The gross tax gap is the difference between tax liability in any year and the amount of tax that is paid voluntarily and on time. The IRS recently estimated a gross tax gap for tax year 2001 of $345 billion, just over 16 percent of tax liability for that year.
The tax gap is once again a high profile political issue, as politicians and some economists see measures to close the tax gap as a key component of a deficit reduction strategy. This attention paid to the tax gap is the latest iteration of a cyclical pattern in which politicians alternatively call for increased IRS enforcement and then complain about the burdens the IRS imposes on the citizenry.

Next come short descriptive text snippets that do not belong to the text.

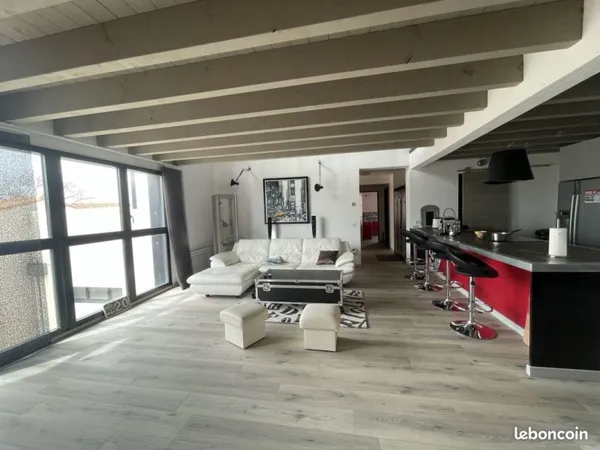Appartement 5 pièces 207 m²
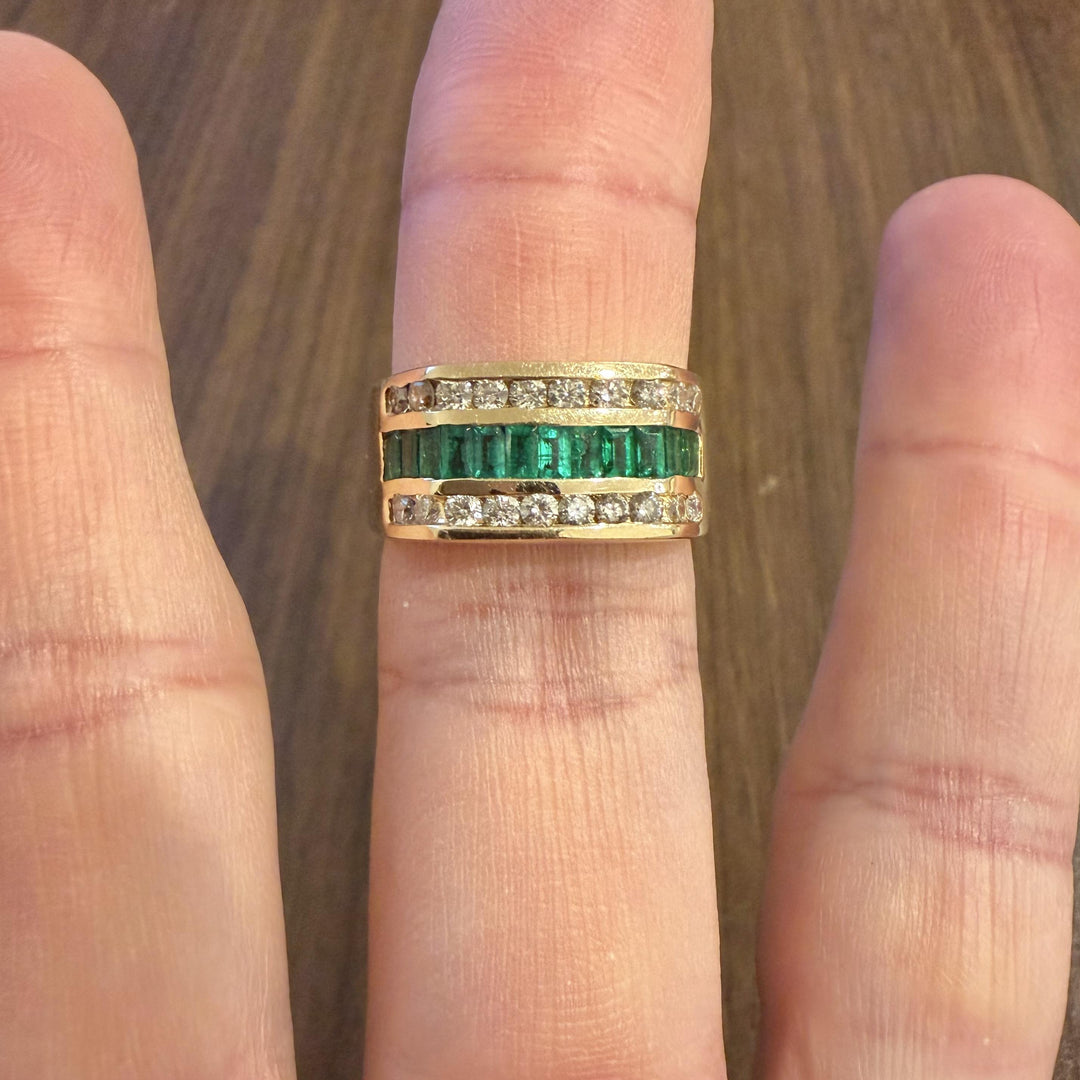14k Yellow Gold Emerald and 0.75cttw Diamond Men's Solid Ring Size 8.75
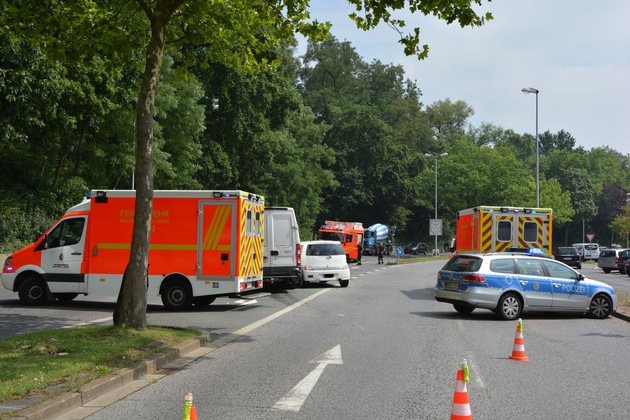 FW-MH: Verkehrsunfall mit drei verletzten Personen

For example, in the 1988 presidential campaign, Democratic candidate Michael Dukakis called for more tax enforcement as a means of reducing the budget deficit and cited his success in improving tax compliance in Massachusetts as a model of what might be accomplished at the Federal level. In the mid-1990s, however, politicians competed with each other to denounce alleged heavy-handed IRS enforcement tactics. Congress enacted a new Taxpayer Bill of Rights, placed new restrictions on IRS activities, and mandated a re-organization of the IRS in the Internal Revenue Restructuring Act of 1998. Throughout the second half of the 1990s, IRS spending on enforcement activities declined dramatically, as budgetary resources shifted from enforcement to taxpayer service. Since 2001, however, IRS enforcement activities have gradually increased and, today, narrowing the tax gap is again a priority.